Another thing that’s pretty cool about the Hitachi is that it’s typically such a private object for people, and putting it into a pipe context gives it more of an opportunity to be worshiped, talked about, laughed about. It opens up a platform for people to share their own experiences with this badass toy—and make new memories with it. I love playing with form and function and going in opposite directions from what people might think. That’s why I made molds of my prescription inhalers, cast them in porcelain, and now they’re pipes for asthmatic stoners.
new batch of inhaler pipes ::: for the asthmatic stoners. 🔹 🔹 🔹 DM me if you want one (or more) and I'll reserve it for you.💋 🔹 🔹 🔹 #inhaler #asthmaproblems #asthmalife #asthmakid #asthmacantstopme #claypipe #clayisbae #handmadeinpdx #pdxart #potsgettingaction #etsyelite #etsyshop #etsypipe #legalweed #handmadepipe #asthmaticstoner #inhalerswag #inhalerlife #cannabis #420 #slipcast #etsy
Yes! I love them, which is why I got one for my asthmatic stoner partner.
Turning everyday objects, especially ones that we’re so used to seeing in specific forms like an inhaler or a vibrator, into a pipe makes the user do a double take and re-examine their own relationship with those pieces.
Can you talk a little bit about your ceramics background?
I studied Visual Art with a concentration in Sculpture and Ceramics at Bennington College in Vermont. One of my favorite things about that school was that every winter for seven weeks every student was required to do an internship in their field. So every year I went somewhere totally random around the country like DC, Aspen, Colorado, an Island in the Florida Keys, and Kansas City, Missouri to study with artists I admired, work in art centers, and to get involved in wild clay projects.
After I graduated from college, I moved to Portland, Oregon, and worked in a production pottery studio for six years. This is now my first full year of self-employment and it’s probably the best decision I’ve ever made. It’s definitely not easy but it’s super rewarding, as you know!
Self-employment is a constant learning process. What would you say has been your biggest lesson so far?
That I should continue to make pieces that I’m really passionate about and that really excite me, instead of making what I think people want to buy. My work is definitely a reflection of who I am and how I interact with the world. The more I embrace that, the more people are empowered to buy pieces and take that magic into their lives.
What would you say is your most popular product?

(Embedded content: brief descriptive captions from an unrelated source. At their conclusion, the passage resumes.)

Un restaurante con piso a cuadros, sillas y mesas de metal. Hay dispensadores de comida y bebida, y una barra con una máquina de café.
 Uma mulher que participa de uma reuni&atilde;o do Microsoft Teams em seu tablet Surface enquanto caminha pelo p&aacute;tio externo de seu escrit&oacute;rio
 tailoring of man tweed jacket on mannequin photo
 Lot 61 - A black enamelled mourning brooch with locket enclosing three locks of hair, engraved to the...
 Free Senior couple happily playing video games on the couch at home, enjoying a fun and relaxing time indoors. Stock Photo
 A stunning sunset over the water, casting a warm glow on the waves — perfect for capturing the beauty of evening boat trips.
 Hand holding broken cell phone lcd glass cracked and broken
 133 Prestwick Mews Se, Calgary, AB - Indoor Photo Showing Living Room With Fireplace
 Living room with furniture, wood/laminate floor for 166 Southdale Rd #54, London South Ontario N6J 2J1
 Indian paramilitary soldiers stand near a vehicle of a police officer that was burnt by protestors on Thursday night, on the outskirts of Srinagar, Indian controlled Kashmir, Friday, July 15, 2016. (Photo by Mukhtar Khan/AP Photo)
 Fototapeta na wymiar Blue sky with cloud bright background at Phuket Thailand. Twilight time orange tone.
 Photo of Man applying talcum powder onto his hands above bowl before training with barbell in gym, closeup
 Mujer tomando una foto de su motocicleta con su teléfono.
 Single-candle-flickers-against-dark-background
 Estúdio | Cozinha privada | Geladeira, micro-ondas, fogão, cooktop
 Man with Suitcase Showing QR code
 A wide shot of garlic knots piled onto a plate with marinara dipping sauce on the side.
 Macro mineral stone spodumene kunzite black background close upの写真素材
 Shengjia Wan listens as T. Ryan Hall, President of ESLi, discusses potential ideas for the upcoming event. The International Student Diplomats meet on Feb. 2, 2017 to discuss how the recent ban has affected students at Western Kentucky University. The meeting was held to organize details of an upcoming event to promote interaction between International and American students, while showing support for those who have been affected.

I make a lot of mugs that have a heart profile and a unicorn as the handle. Sometimes they’re hand-painted with rainbows, sometimes they have catchphrases of things that I say all the time on them like “glitter everything you can’t salt,” and they’re often adorned with 22-karat gold embellishments. One of my favorite things to do is to turn people’s routines into rituals. We drink out of mugs every day, why not turn that into something super special that makes you feel like you’re participating in self-care by just having coffee? I think it’s important to surround ourselves with beautiful handmade objects that make our lives feel more precious. And intentional.